Thoughts before calculating: I usually have a feeling of how my net worth has performed for the prior month. Usually it is based on market performance or if I know The Wife and I had a particular high spend month. For the past two months, I have watched my net worth plummet because of both categories! Well, I finally think the spending has slowed and the market has recovered a bit at the end of November, so I believe that this is going to be a pretty good month.
My Net Worth Calculation
My Assets
My assets are pretty simple:
- Emergency Fund – My goal is to keep an amount in cash that The Wife and I believe is needed for a real emergency amount rather than a specific amount linked to monthly expenditures. At this point it is a quite a bit lower than I’d like it to be.
- My Dividend Growth Account – I am finally back into undervalued dividend growth investing and I am very excited to share my screens and purchases! I decided a few months ago to take the record keeping of this account a bit more serious than I have for the past 18 months.*
- My Wife’s Roth IRA – Nothing special – just a mixture of cheap index funds and individual companies that capture my attention.

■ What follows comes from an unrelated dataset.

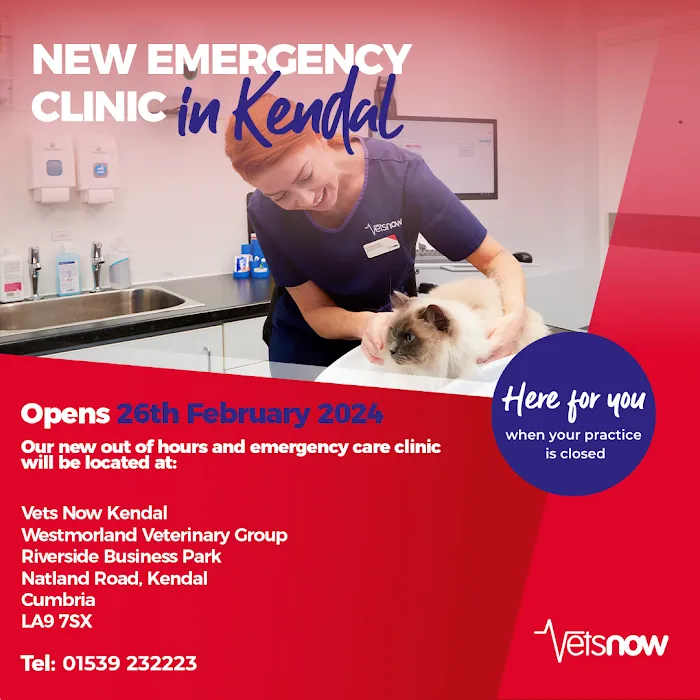 Vets Now Kendal Picture 5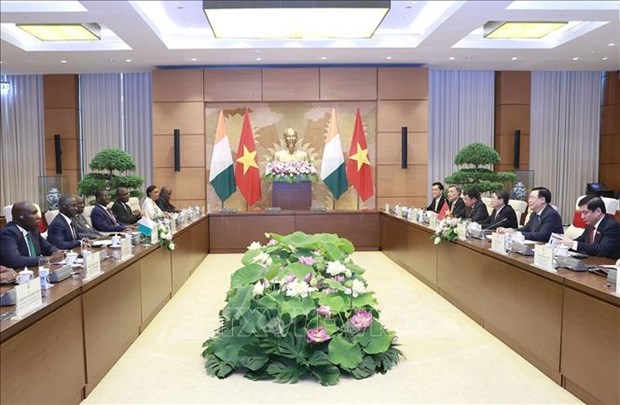 科特迪瓦国民议会议长比克多戈访问越南：为越科两国合作开启新机遇 hinh anh 1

- My 401(k) – I finally just reallocated future contributions after discussing it for a few months.**
- Wife’s Mutual Funds – This was an amount that was given to my wife from her deceased grandparents. They were horribly mismanaged until I stepped in, putting them in low expense vanguard mutual funds. She and I both look at this account as a super emergency fund.
- My House – I increased the value of my home starting in 2018 3%. This was the first time since I bought the home that I even bothered to increase the value.
- My Traditional IRA – Just a few stocks that have captured my attention.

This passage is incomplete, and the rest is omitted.